Jan Zahradník: Hello.

Ivana Karhanová: Please, let’s start by explaining how data collection works for autonomous cars on a test track.

Jan Zahradník: We use modified versions of sensors for data collection. These sensors are based on microwave radars at 24, 77, 79 GHz. LiDARs and various cameras are placed both under the front windshield and as 360-degree cameras around the vehicle. We collect the lowest digital level of data from these sensors. For cameras, we record the value of each pixel in sync with time. We add additional information, such as from extra sensors that are more expensive and accurate than those required in vehicles for certain functions. We use them as a so-called “ground truth” and are able to measure reality more accurately and compare it with our sensors.

Ivana Karhanová: But these are not in the cars that you sell, right?

Jan Zahradník: Exactly, because that would make the system much more expensive.

Ivana Karhanová: When a car goes around the test track, experiencing various situations, how much data does that generate?

Jan Zahradník: We test under various conditions. This includes about ten different enclosed testing areas that Valeo has around the world. One of the largest is in the Czech Republic in Milovice. There, we can test on a three-kilometer track at speeds of nearly 200 kilometers per hour. We test various scenarios there, also using control robots to simulate dangerous situations.

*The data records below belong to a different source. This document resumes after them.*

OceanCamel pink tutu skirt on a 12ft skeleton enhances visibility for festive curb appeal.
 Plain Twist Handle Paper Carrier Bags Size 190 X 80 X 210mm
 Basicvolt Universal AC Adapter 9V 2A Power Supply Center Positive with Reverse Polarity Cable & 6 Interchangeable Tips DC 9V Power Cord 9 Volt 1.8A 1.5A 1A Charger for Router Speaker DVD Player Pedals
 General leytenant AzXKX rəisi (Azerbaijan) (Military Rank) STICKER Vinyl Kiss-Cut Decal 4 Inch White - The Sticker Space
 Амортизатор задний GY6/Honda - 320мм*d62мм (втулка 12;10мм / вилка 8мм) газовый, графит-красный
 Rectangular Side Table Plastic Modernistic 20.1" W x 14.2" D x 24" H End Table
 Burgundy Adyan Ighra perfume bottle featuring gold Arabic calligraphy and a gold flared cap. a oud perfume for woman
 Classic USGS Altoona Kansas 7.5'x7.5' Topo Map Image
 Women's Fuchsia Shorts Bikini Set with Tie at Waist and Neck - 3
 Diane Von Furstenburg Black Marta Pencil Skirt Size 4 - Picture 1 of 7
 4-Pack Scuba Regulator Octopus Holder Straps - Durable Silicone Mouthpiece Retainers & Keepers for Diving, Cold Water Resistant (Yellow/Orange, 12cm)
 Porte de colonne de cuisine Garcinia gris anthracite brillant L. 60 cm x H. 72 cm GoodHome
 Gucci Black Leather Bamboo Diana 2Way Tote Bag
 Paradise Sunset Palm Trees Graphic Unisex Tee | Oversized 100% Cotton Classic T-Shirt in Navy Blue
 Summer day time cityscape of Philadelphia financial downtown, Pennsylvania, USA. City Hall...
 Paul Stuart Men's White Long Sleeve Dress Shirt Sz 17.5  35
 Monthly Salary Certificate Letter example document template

Most of the data is collected in the real world, under conditions where the systems will be used by end customers. For instance, traffic infrastructure or driver behavior varies in different countries. There, we collect statistical data to discover situations that are, let’s say, unplanned.

Ivana Karhanová: And from one such test drive, you have petabytes of data?

Jan Zahradník: Yes. Once we gather all the necessary data, we create a statistical model, which is a combination of conditions in which data need to be recorded. These include winter/summer conditions, weather, and urban/rural settings, and each category combination requires a certain amount of data recorded in modified cars, numbering in the tens. These cars then drive under these conditions, recording data daily on external discs with capacities in the higher tens of terabytes. One card has around eighty terabytes, and we can fill it in a day on some projects. Then we start to figure out how to get the data to where we will work with it. One of the largest places where we work with it is in Prague.

Ivana Karhanová: How do you physically get the data to Prague?

Jan Zahradník: The most common method so far is that we physically send the discs by mail. Unfortunately, this involves delays and things like customs, as we send from different parts of the world and within various trade zones.

Ivana Karhanová: Okay, so the discs arrive in Prague by car or plane. What then?

Jan Zahradník: Then we take the data from the discs and start copying them to data storage.

Ivana Karhanová: So CTRL+C/CTRL+V, and a message pops up that the recording will take 3 years? 🙂

Jan Zahradník: Fortunately, it goes relatively quickly. When we need daily continuity of data, we have an oversized infrastructure to be able to process a new batch of data that comes in daily on discs from cars driving around the world. We can empty a disc in about eighteen to twenty hours. The rest is kept in reserve, which is then sent back out into the world.

Ivana Karhanová: With this data, you then simulate further drives, so you not only need to get it to one place but also to another place to simulate further processes on them?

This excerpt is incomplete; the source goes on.